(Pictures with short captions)
----------
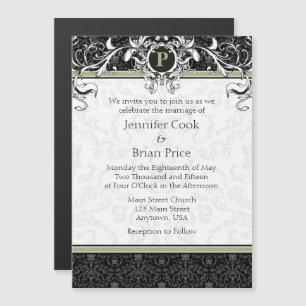 Sage Black Monogram Magnetic Wedding Invitation Magnetische Uitnodiging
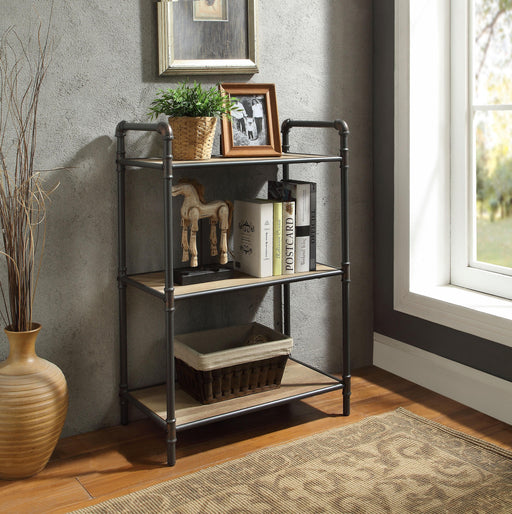 Itzel Antique Oak & Sandy Gray Bookshelf - Premium Bookcase from ACME East - Just $183.30! Shop now at Furniture Wholesale Plus  We are the best furniture store in Nashville, Hendersonville, Goodlettsville, Madison, Antioch, Mount Juliet, Lebanon, Gallatin, Springfield, Murfreesboro, Franklin, Brentwood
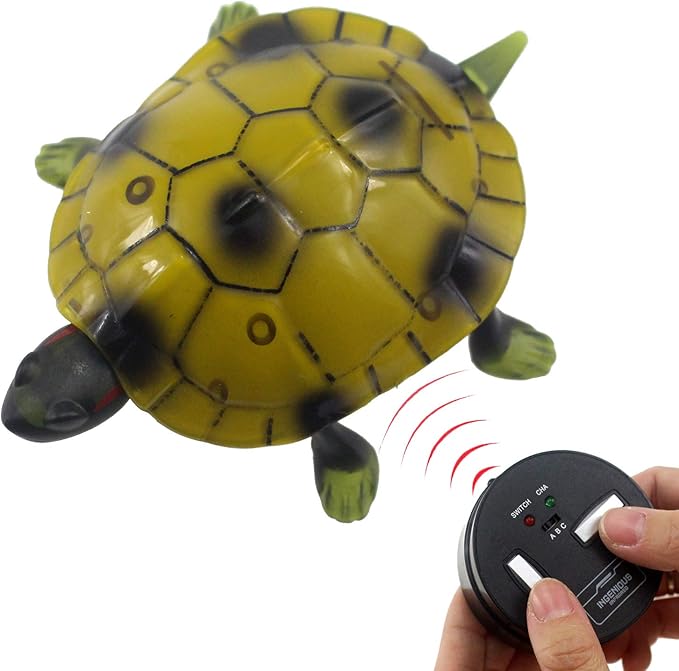 Tipmant RC Turtle IR Remote Control Tortoise Crawl Fake Electric Animal Toy Car Vehicle for Kids Birthday Gifts (Brown)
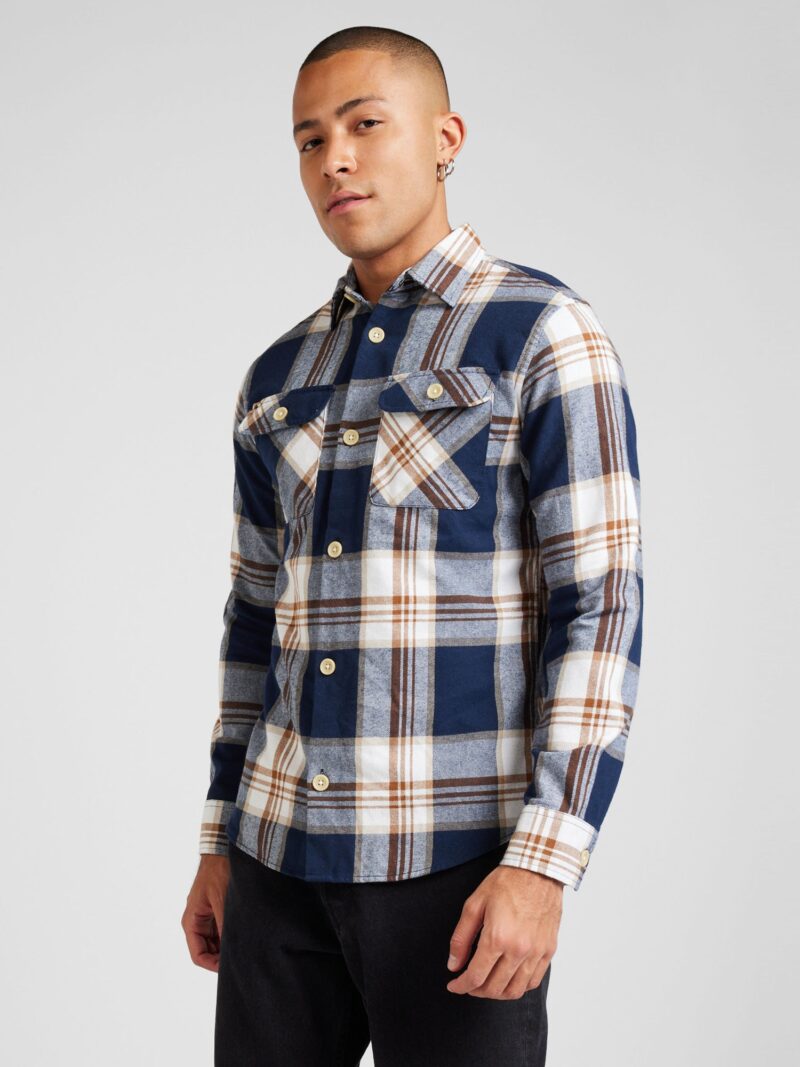 JACK & JONES Cămașă 'JJEDARREN'  bleumarin / maro / alb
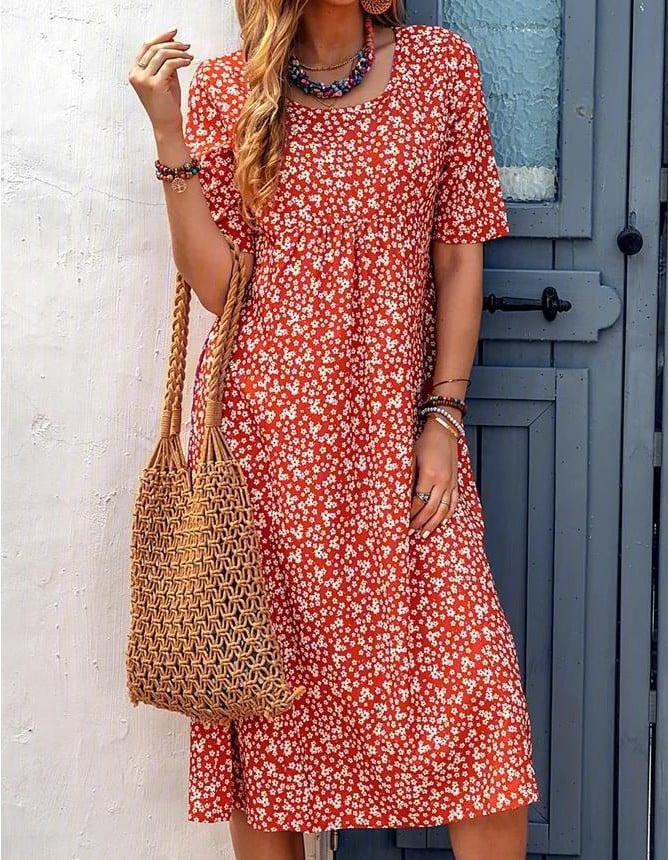 Pocket Short Sleeve Casual Midi Dress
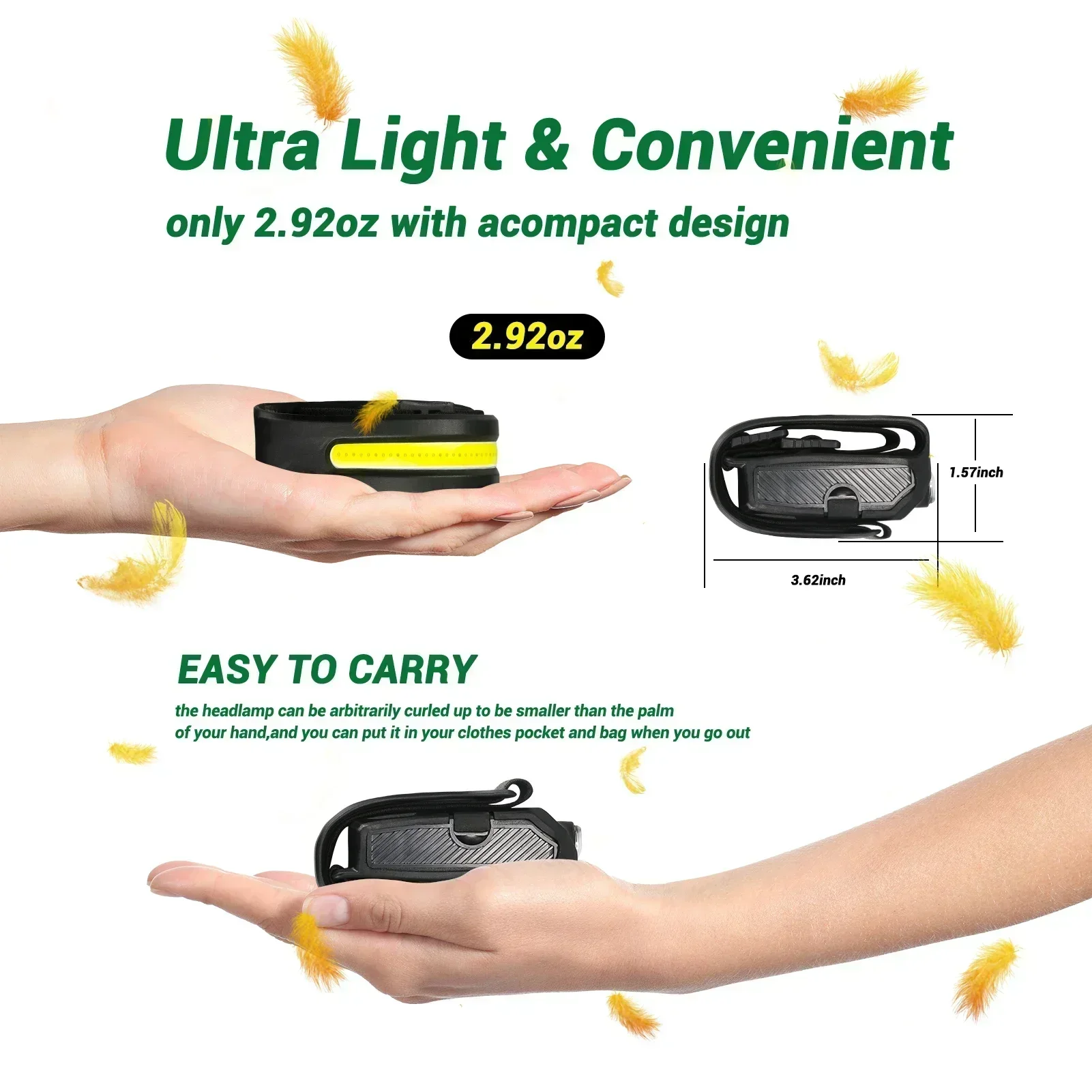 Индукционный налобный фонарь на 230 ° с USB-зарядкой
----------
■ Your assignment
Return the records above in their entirety, word for word, with the pictures removed.

■ Exercise response
 Sage Black Monogram Magnetic Wedding Invitation Magnetische Uitnodiging
 Itzel Antique Oak & Sandy Gray Bookshelf - Premium Bookcase from ACME East - Just $183.30! Shop now at Furniture Wholesale Plus  We are the best furniture store in Nashville, Hendersonville, Goodlettsville, Madison, Antioch, Mount Juliet, Lebanon, Gallatin, Springfield, Murfreesboro, Franklin, Brentwood
 Tipmant RC Turtle IR Remote Control Tortoise Crawl Fake Electric Animal Toy Car Vehicle for Kids Birthday Gifts (Brown)
 JACK & JONES Cămașă 'JJEDARREN'  bleumarin / maro / alb
 Pocket Short Sleeve Casual Midi Dress
 Индукционный налобный фонарь на 230 ° с USB-зарядкой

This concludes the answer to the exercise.